Last week, I realized that my youngest had a homework project due in five days that we had yet to even start. Plenty of time you say? Why worry, you say? Well, here is why worry. There is no seven year old on the planet who can stay focused on such a tedious project for longer than seventeen minutes. This project claimed to teach the kids how to count to one thousand by forcing them to glue 1,000 random items, that you have hanging around your house, onto a poster board. Easy enough? No. One hundred sets of ten is not easy and it takes a high capacity hot glue gun, which a second grader cannot use alone, to keep these little pieces of shit from falling off every two minutes.

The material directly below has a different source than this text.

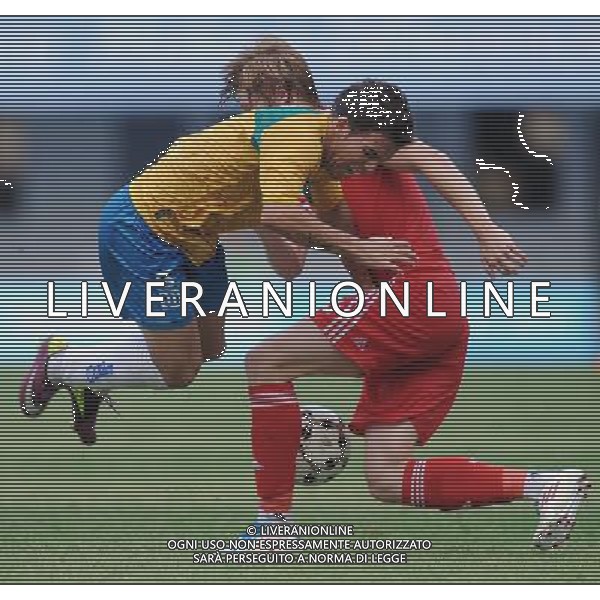 (110822) -- SHENZHEN, Aug. 22, 2011 () -- Luiz Ciriaco (L) of Brazil competes during the men\'s bronze medal football match between Brazil and Russia at the 26th Summer Universiade in Shenzhen, a city of south China\'s Guangdong Province, Aug. 22, 2011. Brazil won 2-0 to win the bronze. (/Li Ga)(lm)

 The first two hundred items were fun and we were all excited for the treasure hunt that ensued. Mini stickers, bow tie pasta and colored feathers from Grandma's endless selection of randomness. Then the fun ended. Mr. 7 was ready to move onto a snack and I was ready to move out of the house and burn the poster sitting on the counter. After hours of gluing and fingertips that were singed beyond recognition, we had 700 items. I wanted to cry. Could I glue tampons to it? Would anyone care if we put hypodermic needles next to the dry pinto beans? I did sink pretty low in regards to good judgement and glued on some of my husband's used test strips from his diabetic testing machine. I hope no one tries to lick that side of the poster.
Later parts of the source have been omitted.